• **Exercise prompt**: Please return the full listing word for word, leaving out any pictures.
-------- Information supplied --------
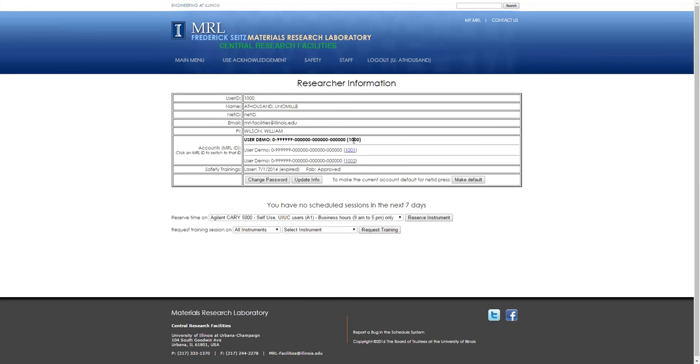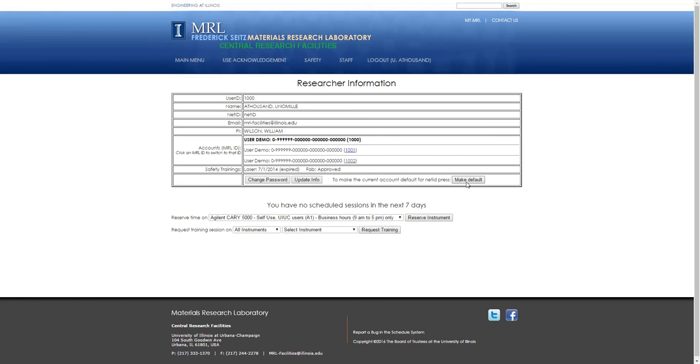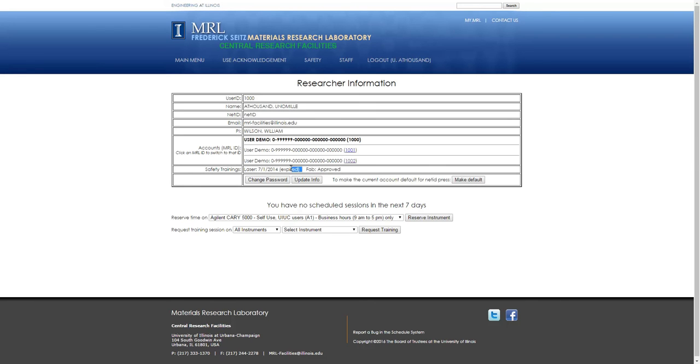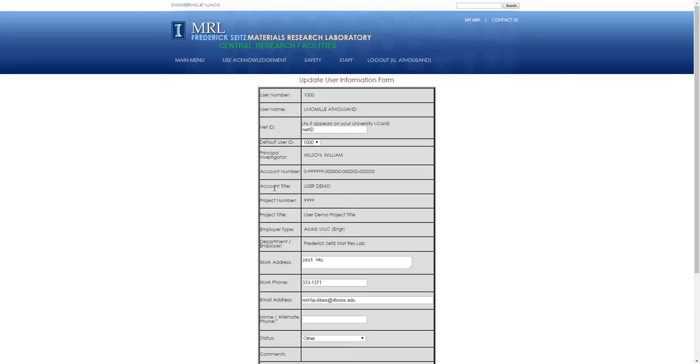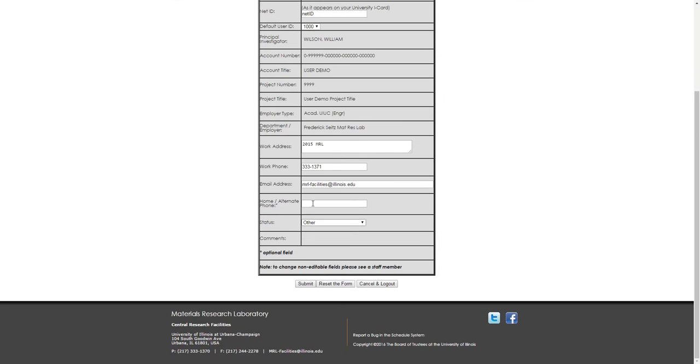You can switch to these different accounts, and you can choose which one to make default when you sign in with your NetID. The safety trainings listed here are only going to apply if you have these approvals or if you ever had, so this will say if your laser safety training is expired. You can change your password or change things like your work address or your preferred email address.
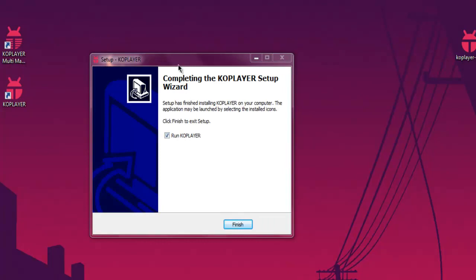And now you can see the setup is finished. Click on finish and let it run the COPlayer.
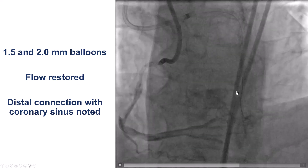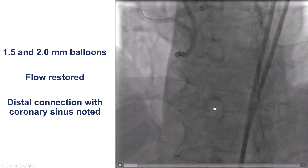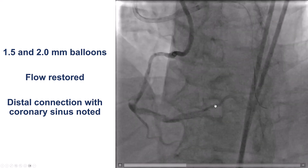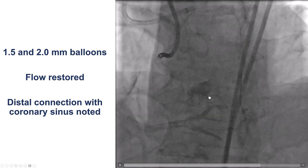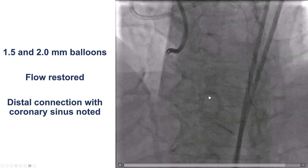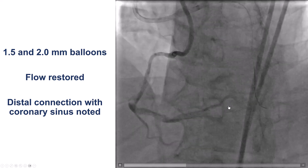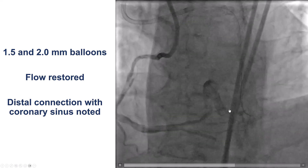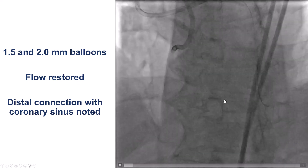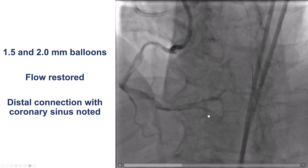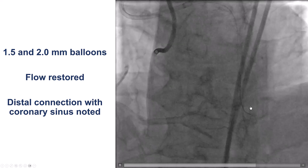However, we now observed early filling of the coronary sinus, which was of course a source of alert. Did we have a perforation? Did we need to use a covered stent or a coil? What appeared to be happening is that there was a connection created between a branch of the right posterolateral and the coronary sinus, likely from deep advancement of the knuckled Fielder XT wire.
--------
• **Result for this task**:
You can switch to these different accounts, and you can choose which one to make default when you sign in with your NetID. The safety trainings listed here are only going to apply if you have these approvals or if you ever had, so this will say if your laser safety training is expired. You can change your password or change things like your work address or your preferred email address.
And now you can see the setup is finished. Click on finish and let it run the COPlayer.
However, we now observed early filling of the coronary sinus, which was of course a source of alert. Did we have a perforation? Did we need to use a covered stent or a coil? What appeared to be happening is that there was a connection created between a branch of the right posterolateral and the coronary sinus, likely from deep advancement of the knuckled Fielder XT wire.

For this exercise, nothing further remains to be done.